Keep in mind that this is a minimalist implementation that isn't completely event enabled. If you change certain properties of the wwStatusBar object, make sure that you always call RenderPanel() or RenderPanels() to refresh the status bar display properly. RenderPanels() is required anytime the sizes of panels change.

Figure 3: Three different modes are available for the wwStatusBar: 1 - XP Style, 2 - Classic Style and 3- Modified Classic.

In design mode the status bar displays as a gray container and it doesn't automatically resize and attach itself to the bottom of a form like the ActiveX control does. The display mode for the control is set to Opaque by default, which guarantees that the sizing grips look proper regardless of color scheme or theme chosen by the user. In fact, most apps I checked (including IE) do not have the status bar follow the Windows color scheme. To get the best look with standard color schemes, however, Transparent will likely work better, or you can explicitly choose a color for your form that works with any mode. I suggest you play with the different modes and the wwStatusBar BackStyle property to see what works best for you.

The new BINDEVENT function makes it possible to build components that can encapsulate parent object manipulation right into the component without requiring the parent to take action.

Finally, realize that wwStatusBar has a dependency on the images that are used to render the sizing grips and separators.
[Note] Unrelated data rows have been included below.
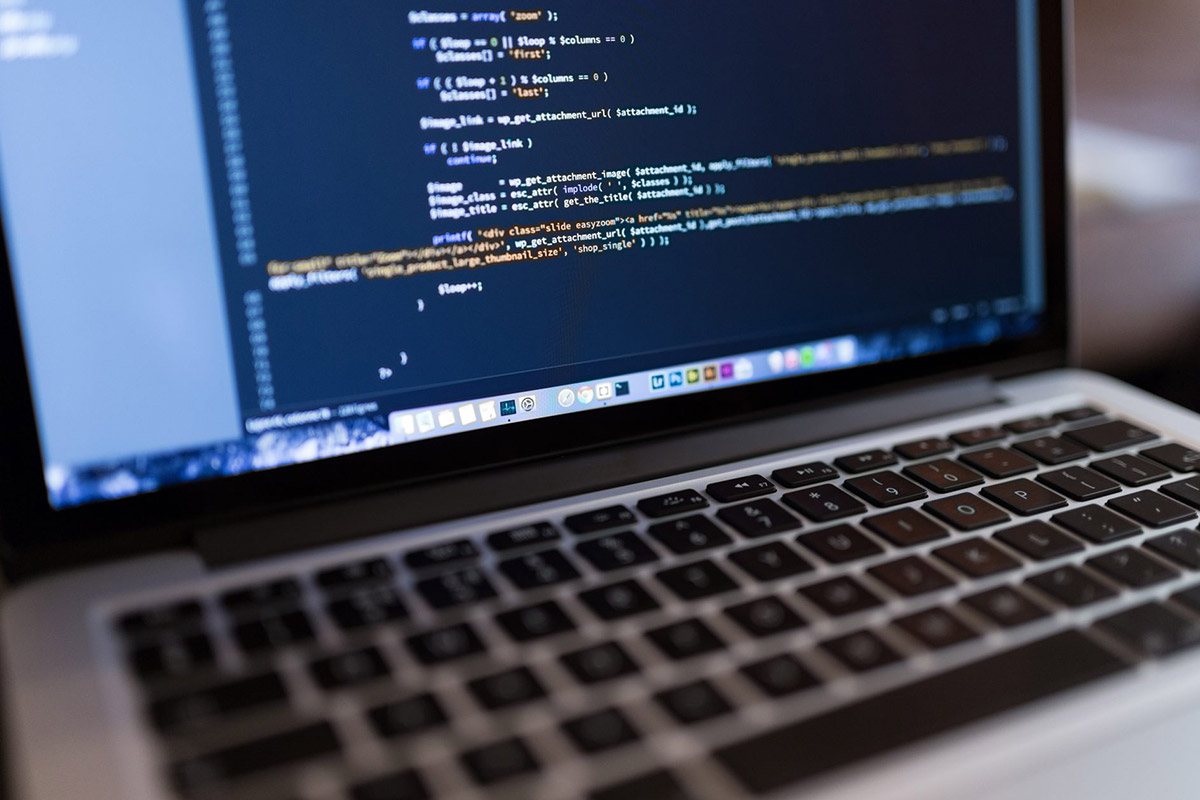 Laptop Showing Computer Code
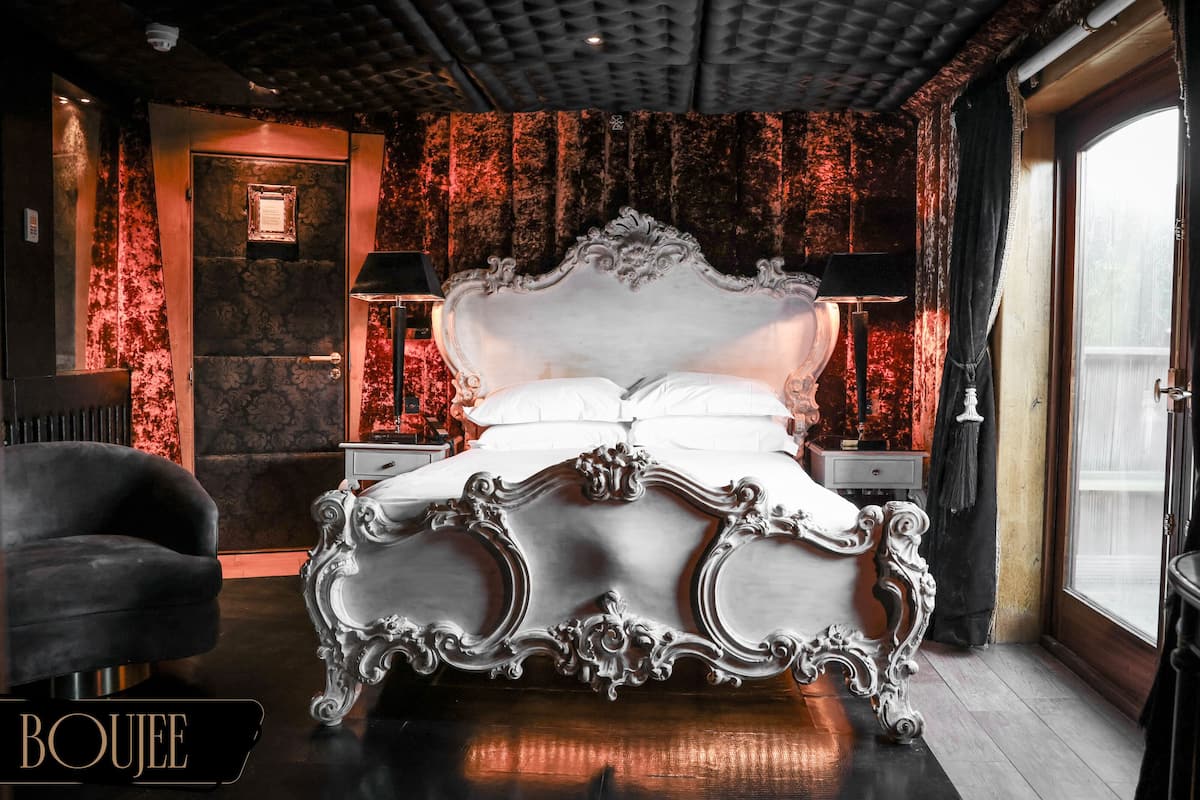 A luxurious bedroom with an ornate bed, two bedside tables, a chair, and a large window.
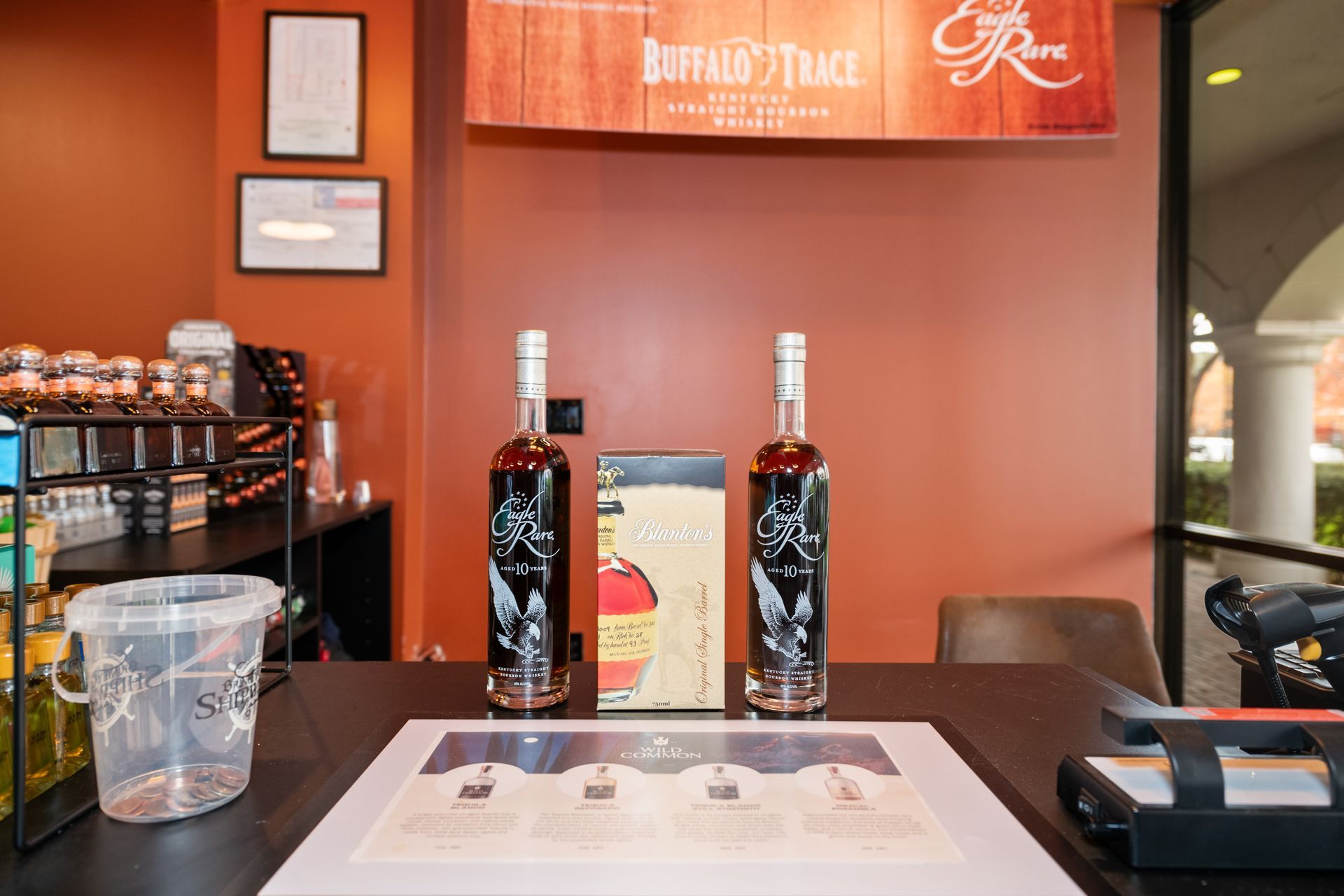 Two bottles of bourbon on a table, with a promotional display, inside a venue.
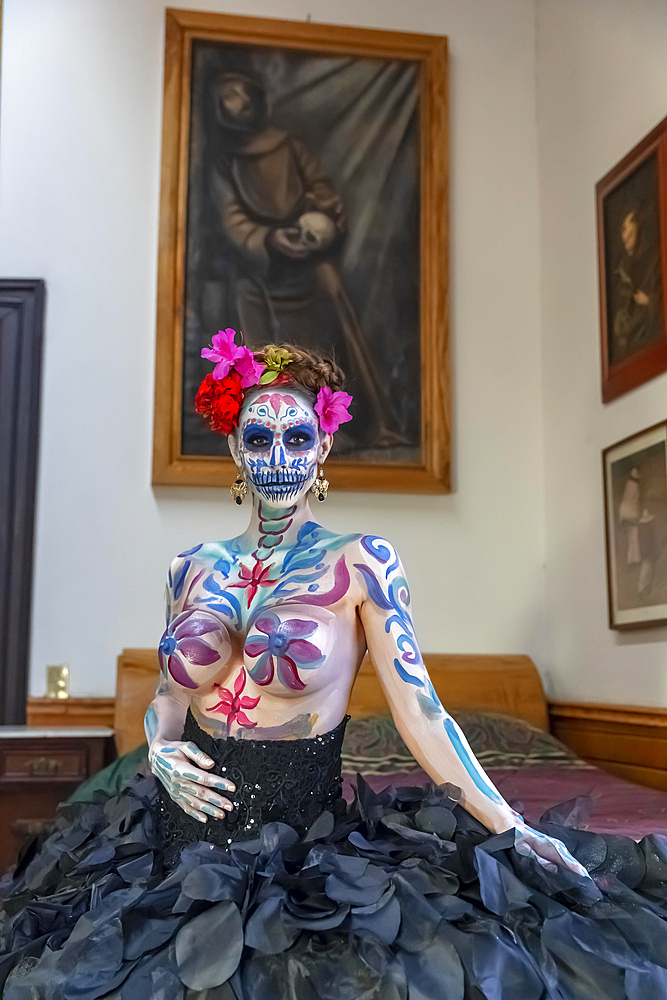 A gorgeous Hispanic Brunette model poses with traditional skull sugar makeup paint for a Mexican festival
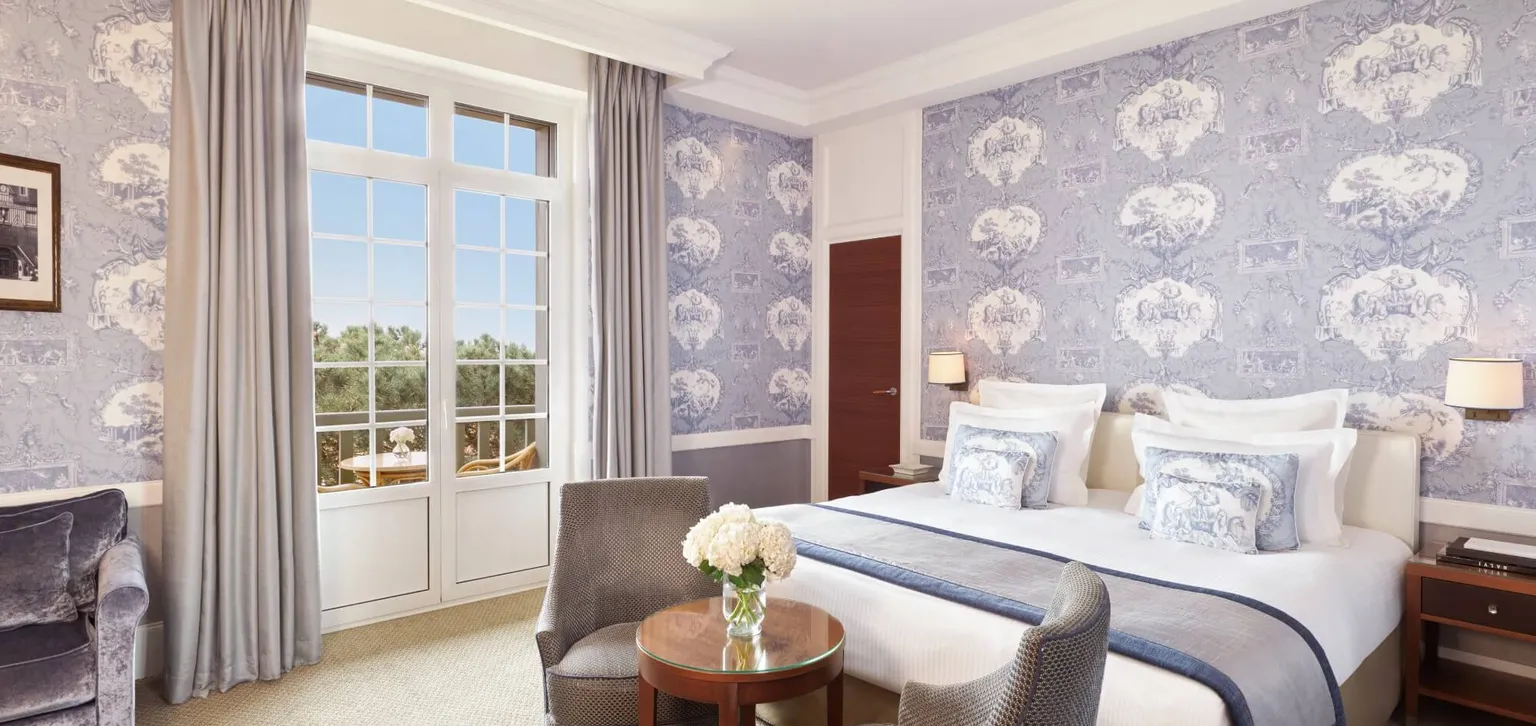 Chambre d'hôtel élégante avec un lit double, un papier peint à motifs bleus, des fauteuils, une petite table ronde avec des fleurs et une grande fenêtre avec une vue panoramique.
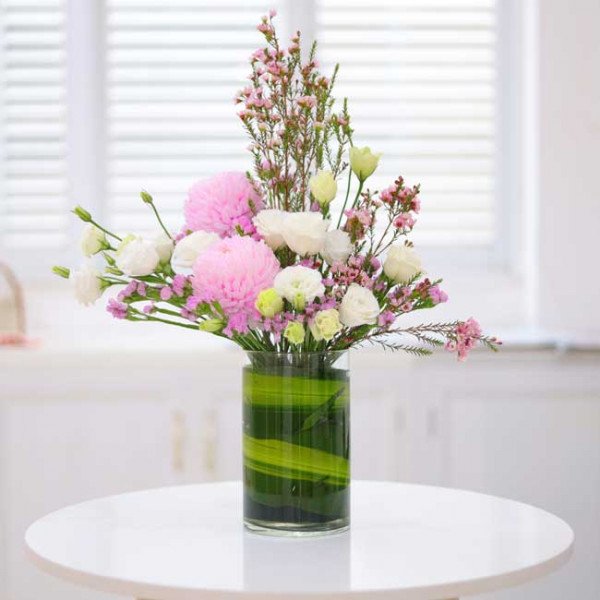 A floral arrangement in a clear glass vase with green accents. Features pink peonies, white roses, and delicate pink wildflowers.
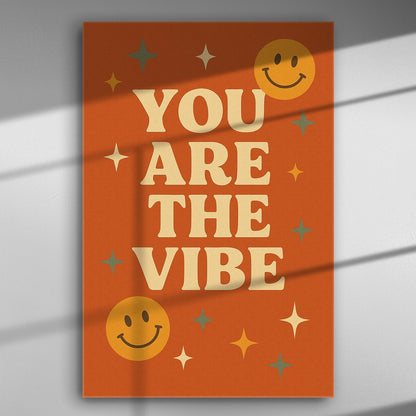 Canvas print with the text 'You Are The Vibe' on an orange background with smiley faces and stars.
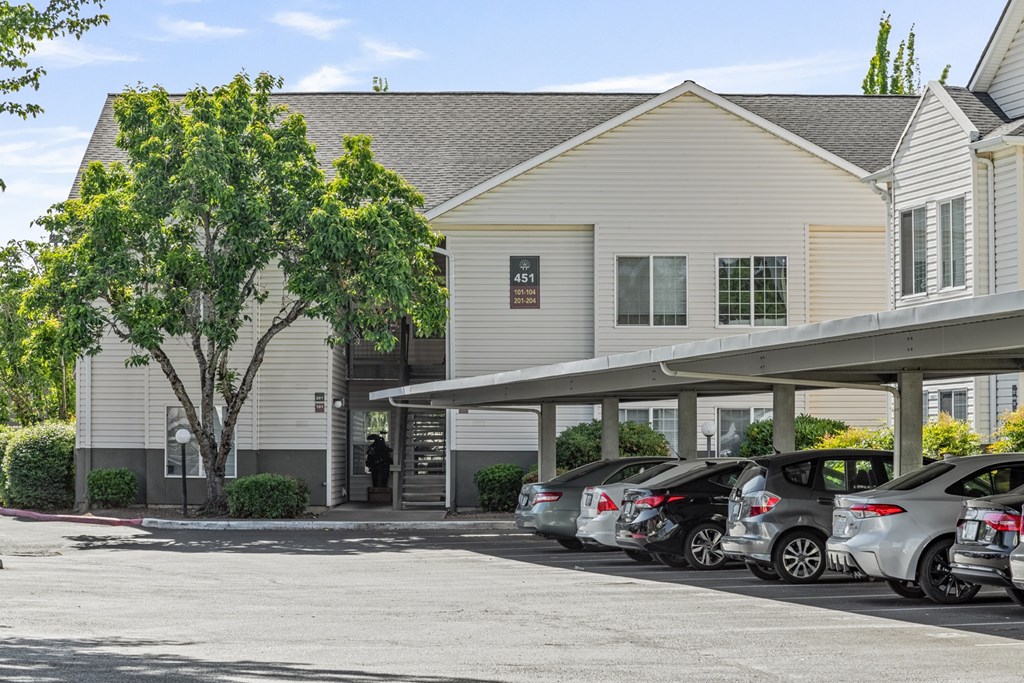 A building with a parking lot in front of it.
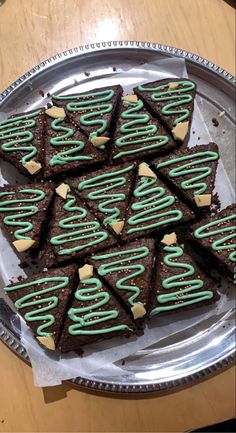 there are many brownies that have green icing on them, and they look like christmas trees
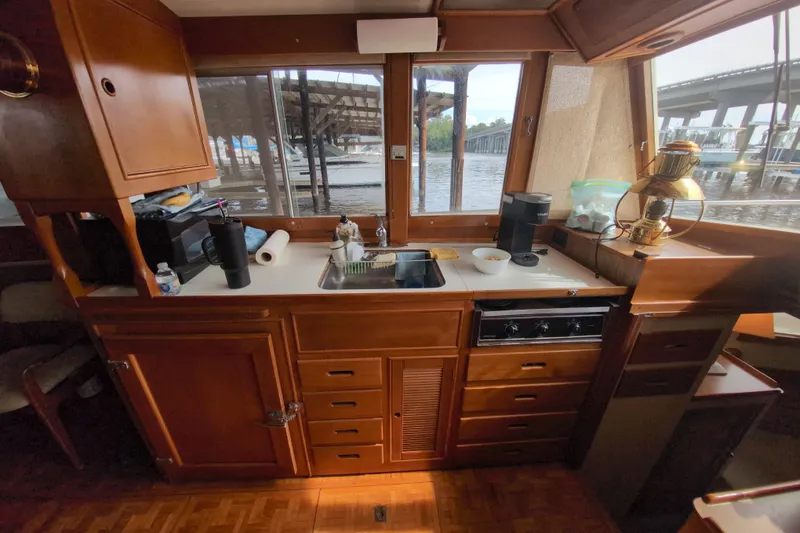 Slide: The Image of Interior of a 1990 Grand Banks 36 Classic yacht kitchen with wooden cabinetry and appliances. - 34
Figure 4 shows the wwStatusBar with the embedded invisible image controls that hold the 3 required images. I chose to include them in the container to force these images to build into the project so you don't have to ship external files. The default path for these images is in a relative .\BMPS folder of the build directory. Make sure you include these images or you'll end up with broken images.

Figure 4: The Statusbar control in the class designer. Make sure the three images are found and included.

VFP 8 makes it easy

When I set out to create a proper status bar I wasn't planning on making it VFP 8 only. But after getting started, I realized right away that collections and the new Empty object would make this job a lot easier (even though this implementation barely pushes the collection functionality). This really paid off in code reduction and time saved. Some things would not have been easily done or would have been impossible in VFP 7, especially the event binding and the transparent image display of Gifs.

I hope you find this status bar control useful. It's simple and provides the most common functionality in a small package. And best of all, it does it with VFP code that you can easily adjust to your needs if necessary.